Loss Selector

About 577 wordsAbout 2 min

2025-12-27

This document explains how to use the Loss Selector in DataFlex. The selector computes per-sample training loss, splits the distribution into low/medium/high bands using quantiles, and then samples with higher weight on a chosen band.

1. Method Overview

Core idea of the Loss Selector:

During training, compute the training loss for each sample. In a multi-GPU setting, results from different processes are aligned to the full dataset using the sample index (idx).
- In the current implementation, batch_size = 1, so the loss returned by the model corresponds to a per-sample loss.
On the main process, collect and deduplicate all valid sample losses, and partition samples into low / medium / high loss regions using quantile thresholds.
Assign a base weight of 1 to all valid samples, and apply an amplified weight focus_weight to samples in the specified focus region (focus).
Smooth the weight distribution using a temperature parameter and perform random sampling according to the resulting probability distribution; when the number of valid samples is insufficient to meet the sampling requirement, automatically switch to sampling with replacement.

Sampling probability:

Let the loss of sample ( $i$ ) be ( $l_i$ ), the segment weight be ( $w_i$ ), and the temperature be ( $T$ ):

p_i = \frac{(w_i + \epsilon)^{1/T}}{\sum_j (w_j + \epsilon)^{1/T}}

2. Implementation Steps

Step 1: Environment Setup

git clone https://github.com/OpenDCAI/DataFlex.git
cd DataFlex
pip install -e .
pip install llamafactory

Step 2: Loss Selector Configuration

Configuration file path:

DataFlex/src/dataflex/configs/components.yaml

Example configuration:

loss:
  name: loss
  params:
    cache_dir: ../dataflex_saves/loss_output
    focus: "medium"        # low | medium | high
    focus_weight: 5.0
    quantiles: [0.33, 0.66]
    replacement: false
    temperature: 1.0

Parameter Description:

cache_dir: Cache directory for selection results (step_{id}.json per step).
focus: Target band to up-weight (low / medium / high, default high).
focus_weight: Weight multiplier for the focus band.
quantiles: Split points for low/medium/high, values in [0, 1].
replacement: Sample with replacement or not; auto-switches to replacement if needed.
temperature: Distribution sharpness; >1 smooths, <1 sharpens.
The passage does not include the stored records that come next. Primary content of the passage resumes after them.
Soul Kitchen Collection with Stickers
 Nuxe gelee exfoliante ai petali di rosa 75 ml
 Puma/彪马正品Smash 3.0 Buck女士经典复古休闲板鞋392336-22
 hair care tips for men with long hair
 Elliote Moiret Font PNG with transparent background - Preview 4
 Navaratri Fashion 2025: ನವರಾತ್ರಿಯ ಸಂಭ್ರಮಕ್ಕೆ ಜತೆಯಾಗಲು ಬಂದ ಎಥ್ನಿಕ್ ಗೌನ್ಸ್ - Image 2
Step 3: Dynamic Training Configuration

Configuration file path:

DataFlex/examples/train_lora/selectors/loss.yaml

Example configuration:

### model
model_name_or_path: meta-llama/Llama-3.1-8B
trust_remote_code: true

### method
stage: sft
do_train: true
finetuning_type: lora
lora_target: all
lora_rank: 16
lora_alpha: 8

### dataset
dataset: alpaca_en_demo
template: llama3
cutoff_len: 4096
overwrite_cache: true
preprocessing_num_workers: 16
dataloader_num_workers: 0
seed: 42

### output
output_dir: ../dataflex_saves/Llama-3.1-8B/loss
logging_steps: 10
save_steps: 100
plot_loss: true
save_only_model: false
overwrite_output_dir: true

### train
per_device_train_batch_size: 1
gradient_accumulation_steps: 1
learning_rate: 1.0e-4
num_train_epochs: 1.0
lr_scheduler_type: cosine
warmup_ratio: 0.1
bf16: true
ddp_timeout: 180000000

### Dataflex args
train_type: dynamic_select
components_cfg_file: src/dataflex/configs/components.yaml
component_name: loss
warmup_step: 10
update_step: 10
update_times: 2

eval_dataset: alpaca_zh_demo

Step 4: Run Training

FORCE_TORCHRUN=1 DISABLE_VERSION_CHECK=1 dataflex-cli train examples/train_lora/selectors/loss.yaml

Step 5: Model Merge and Export

Configuration file path:

DataFlex/examples/merge_lora/llama3_lora_sft.yaml

Example configuration:

model_name_or_path: meta-llama/Meta-Llama-3-8B-Instruct
adapter_name_or_path: ../dataflex_saves/Llama-3.1-8B/loss
template: llama3
trust_remote_code: true

export_dir: ../dataflex_saves/Llama-3.1-8B_lora_sft
export_size: 5
export_device: cpu  # choices: [cpu, auto]
export_legacy_format: false

Parameter Description:

model_name_or_path: Model name or path used for training.
adapter_name_or_path: Output path of the LoRA adapter.
export_dir: Directory for saving the merged result of the fine-tuned model and LoRA adapter.

Execute the export command:

llamafactory-cli export llama3_lora_sft.yaml

The merged model will be saved in:

/dataflex_saves/Llama-3.1-8B_lora_sft

3. Model Evaluation

It is recommended to use the DataFlow Model QA Evaluation Pipeline for systematic evaluation of the generated model.